Description
Hi! This is related to the zerovec
crate. It's a great library, thank you for also publishing it for others outside of this project to use.
However, for my use case I would like to use a ZeroMap that handles something larger than 64 KB (namely up to around 1 MB), which, if I understand the code correctly, is around the maximum a ZeroMap can handle due to it using Index16 from the underlying VarZeroVec.
The following minimum example shows such a failure:
use zerovec::ZeroMap;
fn main() {
let values: [u32; 9] = [24285424, 18424230, 2428314, 48022448, 480224482, 242911084, 498149810, 189138108, 381084184];
let len = 4000;
let mut zmap: ZeroMap<'_, str, [u8]> = ZeroMap::with_capacity(len);
for i in 0..len {
let mut value_vec = Vec::with_capacity(10);
for j in 0..15 {
let v = values[j % 9];
let vu = (v % 255) as u8;
value_vec.push(vu)
}
let k: String = format!("{}.{}", i, values[i % 9]);
zmap.insert(&k, &value_vec);
}
}
This panics with:
...icu4x/utils/zerovec/src/varzerovec/owned.rs:282:17:
Attempted to grow VarZeroVec to an encoded size that does not fit within the length size used by zerovec::varzerovec::components::Index16
This was quite unexpected when this first happened, as it's not directly documented in ZeroMap. It is documented in the description of the F parameter for VarZeroVec, but I do think it might be useful to make add a bit more of an explicit warning for those who are not as familiar with these kinds of issues.

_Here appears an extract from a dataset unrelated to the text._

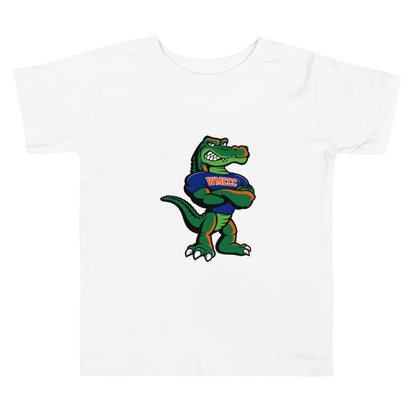 Performance | Toddler T-Shirt | West Memphis Community Christian College Gators | Mascot Logo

Now I saw issue #2312, so I tried to, as a last-effort fix, implement ZeroMapKV for newtypes of [u8] and str, but I only got as far as:
#[derive(Debug, VarULE)]
#[repr(transparent)]
struct BytesKVIndex32([u8]);
impl<'a> ZeroMapKV<'a> for BytesKVIndex32 {
type Container = VarZeroVec<'a, BytesKVIndex32, Index32>;
type Slice = VarZeroSlice<BytesKVIndex32, Index32>;
type GetType = BytesKVIndex32;
type OwnedType = Box<BytesKVIndex32>;
}
#[derive(VarULE, Debug)]
#[repr(transparent)]
struct StrKVIndex32(str);
impl<'a> ZeroMapKV<'a> for StrKVIndex32 {
type Container = VarZeroVec<'a, StrKVIndex32, Index32>;
type Slice = VarZeroSlice<StrKVIndex32, Index32>;
type GetType = StrKVIndex32;
type OwnedType = Box<StrKVIndex32>;
}
When then trying to use that like this:
#[derive(serde::Serialize, serde::Deserialize, Debug)]
struct Data<'a> {
#[serde(borrow)]
map: ZeroMap<'a, StrKVIndex32, BytesKVIndex32>,
}
I get a bunch of errors related to Deserialize/Serialize not being implemented, but I can't easily derive them on the StrKVIndex32/BytesKVIndex32 either, as it says it doesn't work for unsized types. I will admit at this point it's somewhat beyond my current skill level, and I'd rather not dig into much deeper without knowing for sure that it's even possible.
So my main question is: could you provide some guidance/documentation on how to construct larger ZeroMaps? In the best case of course #2312 would be resolved, but I understand if there is no bandwidth for that.
Also some documentation/warning on its limitations directly in the ZeroMap docs would be appreciated as well.
If there is anything I can do to help, let me know.